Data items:
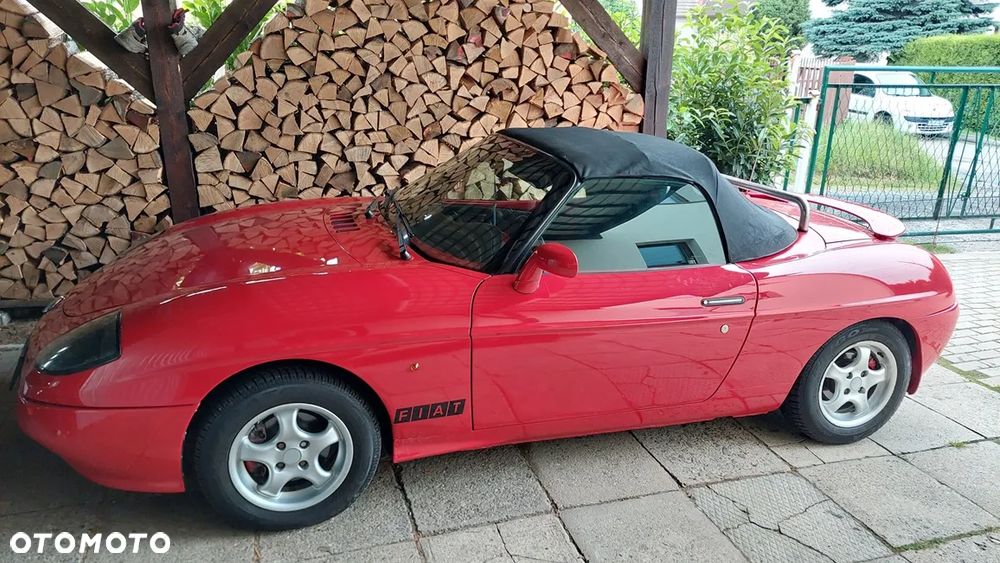 Fiat Barchetta 1.8 16V - 2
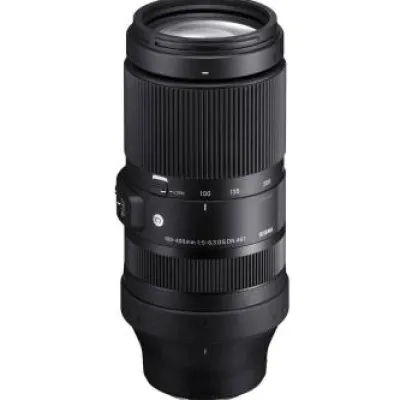 Online Sigma 100-400mm f/5-6.3 DG DN OS Contemporary Lens for Sony E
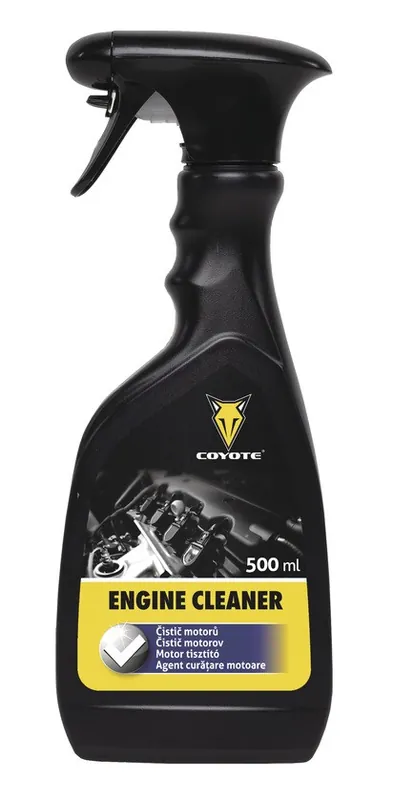 Coyote čistič motorů MR - 500 ml Levný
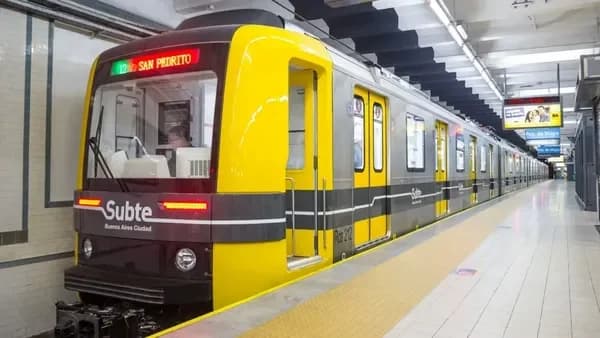 Muerte en el subte: un hombre murió arrollado en la línea A
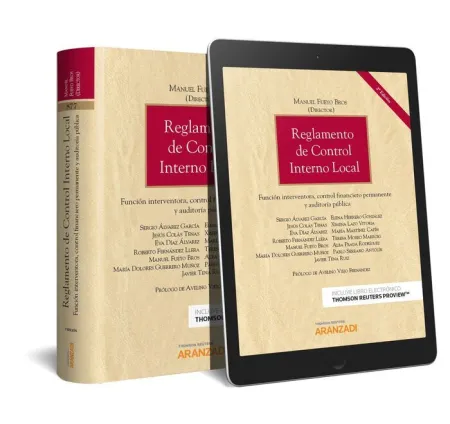 Reglamento de Control Interno Local 2ª Edicion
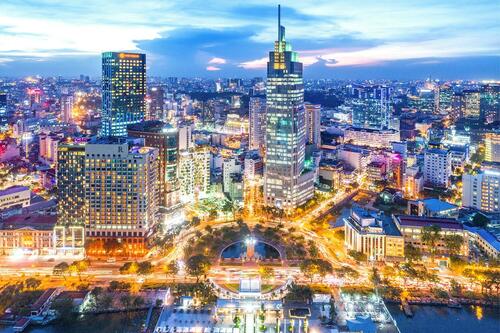 Chính sách đặc thù tại Trung tâm tài chính quốc tế của Việt Nam
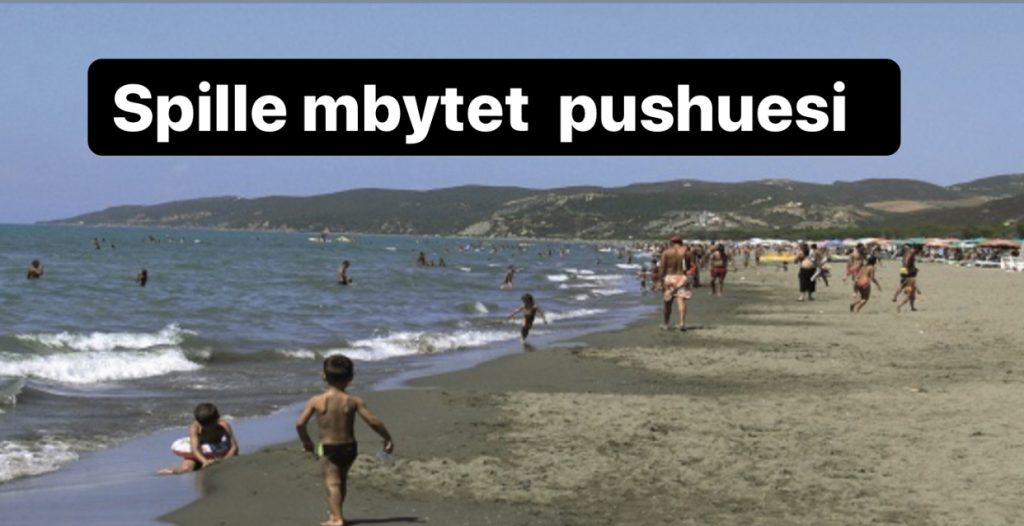 Nga plazhi në gjendje të rëndë, vdes rrugës për në spital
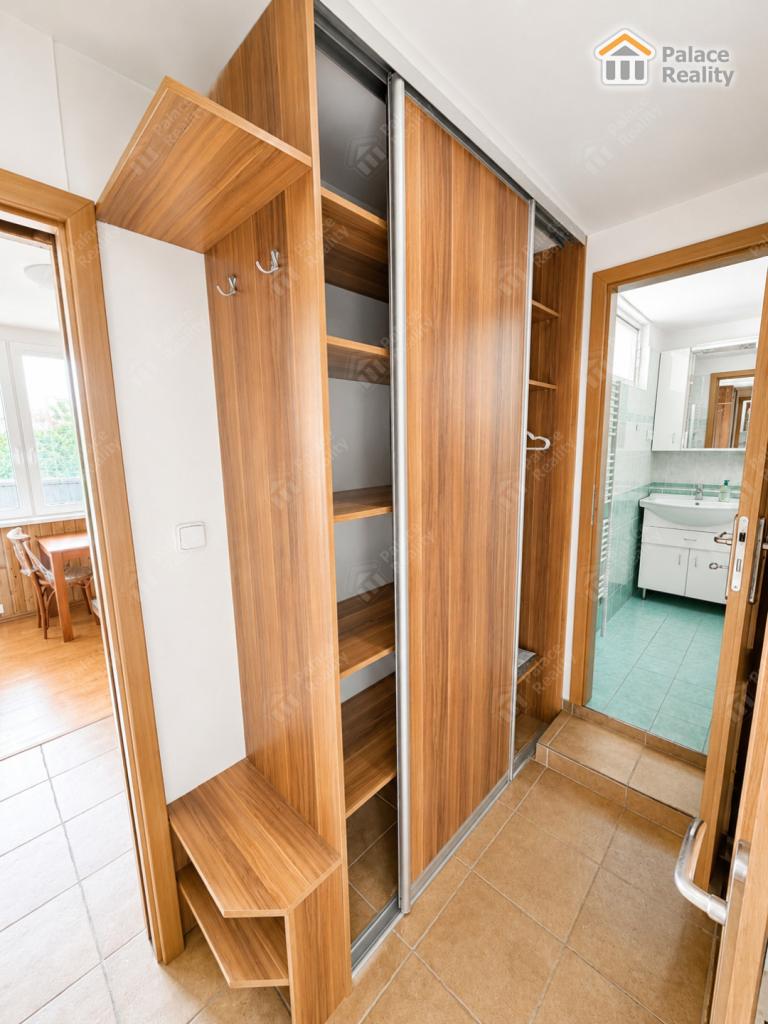 Pronájem bytu 1+kk 41 m2, Praha – náhled fotky 8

▶ Exercise brief
Once the images are removed, print the remaining data exactly as it appears above.

▶ Written solution
 Fiat Barchetta 1.8 16V - 2
 Online Sigma 100-400mm f/5-6.3 DG DN OS Contemporary Lens for Sony E
 Coyote čistič motorů MR - 500 ml Levný
 Muerte en el subte: un hombre murió arrollado en la línea A
 Reglamento de Control Interno Local 2ª Edicion
 Chính sách đặc thù tại Trung tâm tài chính quốc tế của Việt Nam
 Nga plazhi në gjendje të rëndë, vdes rrugës për në spital
 Pronájem bytu 1+kk 41 m2, Praha – náhled fotky 8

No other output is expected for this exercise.